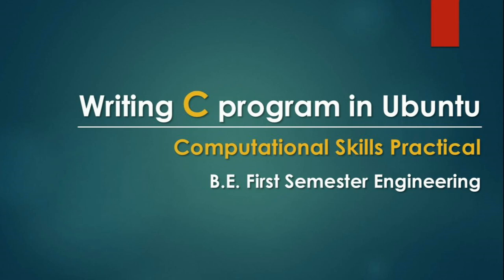Welcome to the video tutorial on how to write your first C program in Ubuntu. In this video you will learn how to write a C program and what are the steps of executing the program.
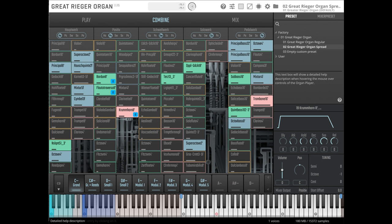The collection is based on the recordings of the original Vienna instrument Konzerthaus organ. It comes with a new sample engine and a user interface tailor-made for organ playing, the Vienna organ player.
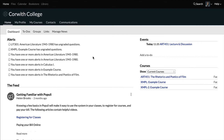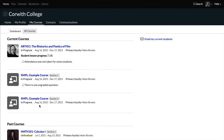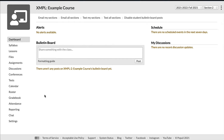Let's navigate to the actual course. We're going to do that by going to My Courses and then finding the course. You can see that this user is set as faculty on two different courses, so we're going to go to Example Course Section Two. We land here. You can see some options — we don't want to get too fixated on this section because we're not talking about the dashboard right now. We're going to go straight to the syllabus.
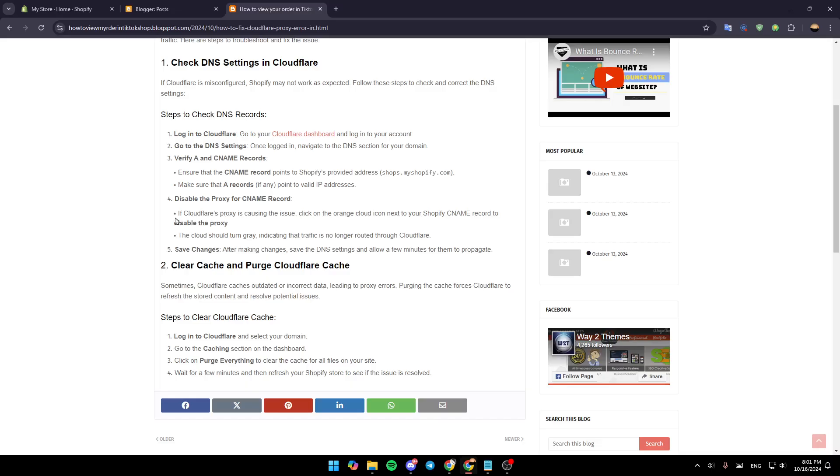Disable the proxy of the CNAME record. If Cloudflare's proxy is causing the issue, click on the orange cloud icon next to your Shopify CNAME record to disable the proxy. The cloud should turn gray, indicating that the traffic is no longer routed through Cloudflare.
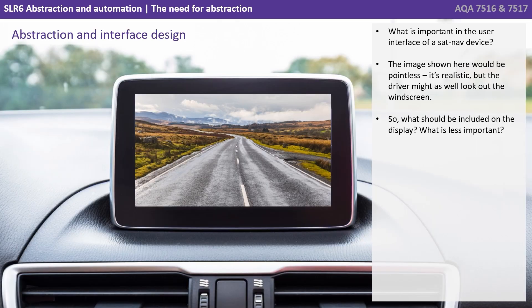So what's important in the user interface of a SatNav device? The image shown here would be pointless — it's realistic, but the driver might as well look out the windscreen. So what should be included on the display? What is less important?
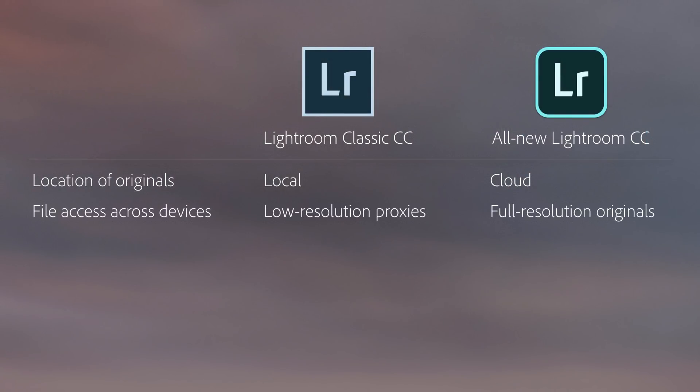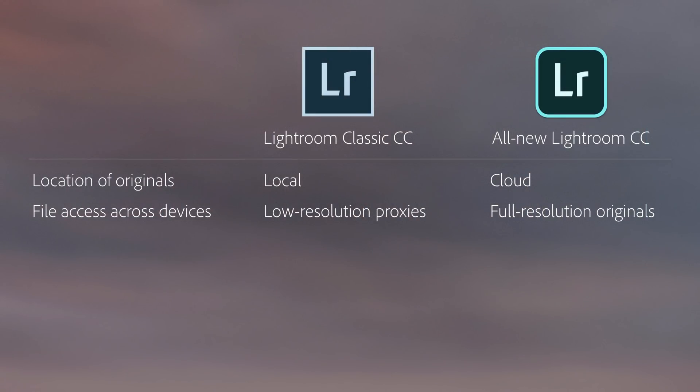The second difference is whether or not you have access to the full-resolution files across multiple devices. In Lightroom Classic, you manually control and manage which files are synchronized to the cloud using collections. Collections sync low-resolution proxies, called smart previews, rather than the full-resolution images. In most instances, a low-resolution proxy is fine — for example, if you're posting to social media — but it can limit the file sharing you do with other people. In Lightroom CC, because your photographs are stored in the cloud, you can access and edit the full-resolution image from any device.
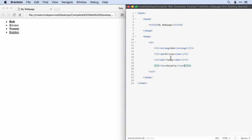Wonderful. So simple as that. That's how we create an unordered list. In the next video, we'll see how to do, very similarly, an ordered list.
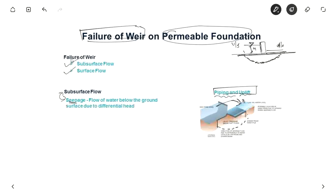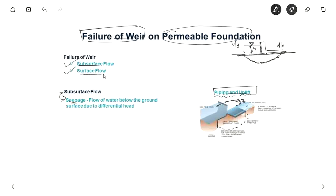Failure of the weir can happen due to subsurface flow and also because of surface flow. When water flows over the weir, a hydraulic jump occurs which acts in the upward direction, tending to break away the foundation, and scouring of particles also takes place. So failure can happen due to surface flow as well.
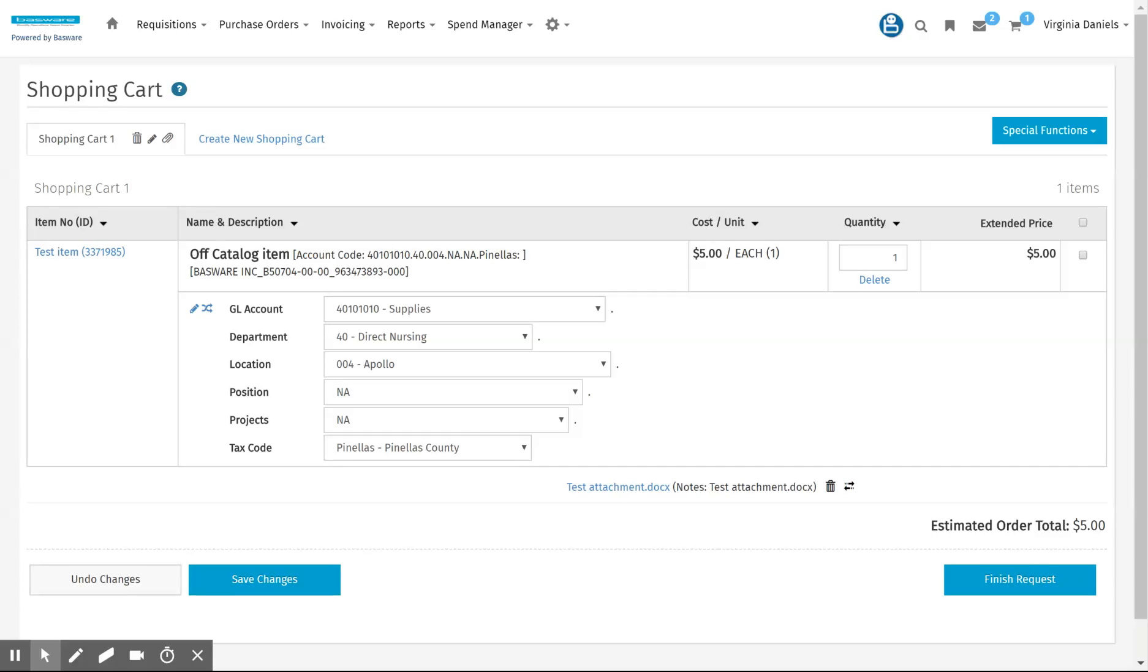Hello, in this video we're going to show you how to attach an attachment to an order request.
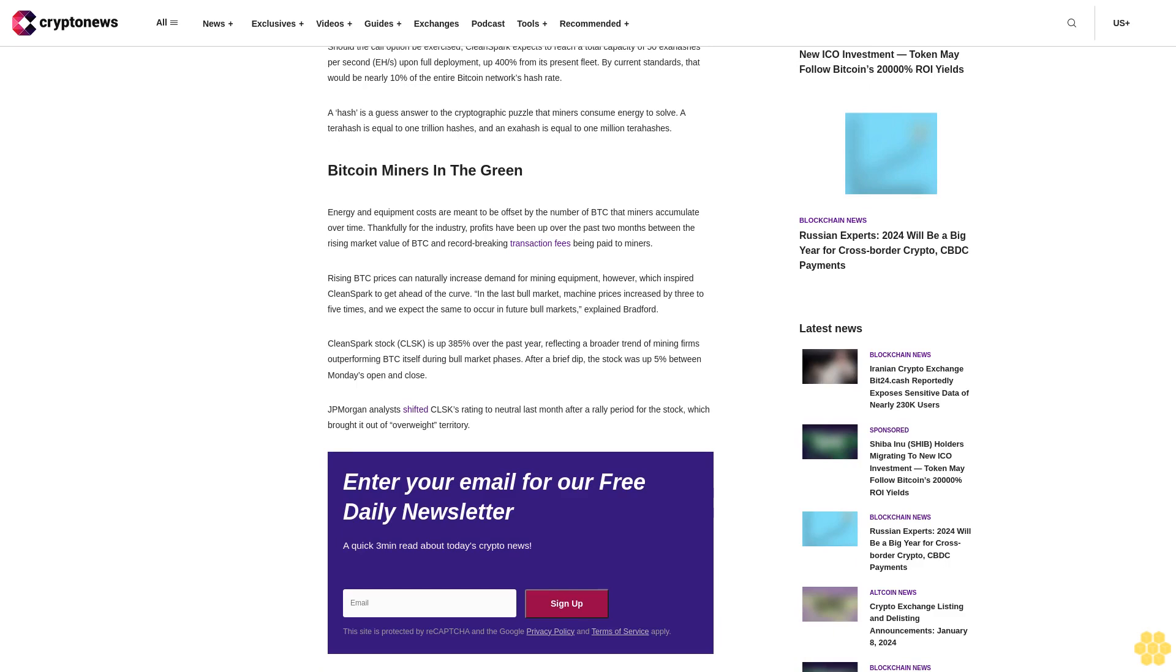A terahash equals one trillion hashes, and an exahash equals one million terahashes. Bitcoin miners in the green: Energy and equipment costs are meant to be offset by the number of BTC that miners accumulate over time.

- **Exercise**
Set the records down again exactly, and omit any picture in them.

- **Output for this task**
Welcome to the video tutorial on how to write your first C program in Ubuntu. In this video you will learn how to write a C program and what are the steps of executing the program.
The collection is based on the recordings of the original Vienna instrument Konzerthaus organ. It comes with a new sample engine and a user interface tailor-made for organ playing, the Vienna organ player.
Let's navigate to the actual course. We're going to do that by going to My Courses and then finding the course. You can see that this user is set as faculty on two different courses, so we're going to go to Example Course Section Two. We land here. You can see some options — we don't want to get too fixated on this section because we're not talking about the dashboard right now. We're going to go straight to the syllabus.
Disable the proxy of the CNAME record. If Cloudflare's proxy is causing the issue, click on the orange cloud icon next to your Shopify CNAME record to disable the proxy. The cloud should turn gray, indicating that the traffic is no longer routed through Cloudflare.
So what's important in the user interface of a SatNav device? The image shown here would be pointless — it's realistic, but the driver might as well look out the windscreen. So what should be included on the display? What is less important?
The second difference is whether or not you have access to the full-resolution files across multiple devices. In Lightroom Classic, you manually control and manage which files are synchronized to the cloud using collections. Collections sync low-resolution proxies, called smart previews, rather than the full-resolution images. In most instances, a low-resolution proxy is fine — for example, if you're posting to social media — but it can limit the file sharing you do with other people. In Lightroom CC, because your photographs are stored in the cloud, you can access and edit the full-resolution image from any device.
Wonderful. So simple as that. That's how we create an unordered list. In the next video, we'll see how to do, very similarly, an ordered list.
Failure of the weir can happen due to subsurface flow and also because of surface flow. When water flows over the weir, a hydraulic jump occurs which acts in the upward direction, tending to break away the foundation, and scouring of particles also takes place. So failure can happen due to surface flow as well.
Hello, in this video we're going to show you how to attach an attachment to an order request.
A terahash equals one trillion hashes, and an exahash equals one million terahashes. Bitcoin miners in the green: Energy and equipment costs are meant to be offset by the number of BTC that miners accumulate over time.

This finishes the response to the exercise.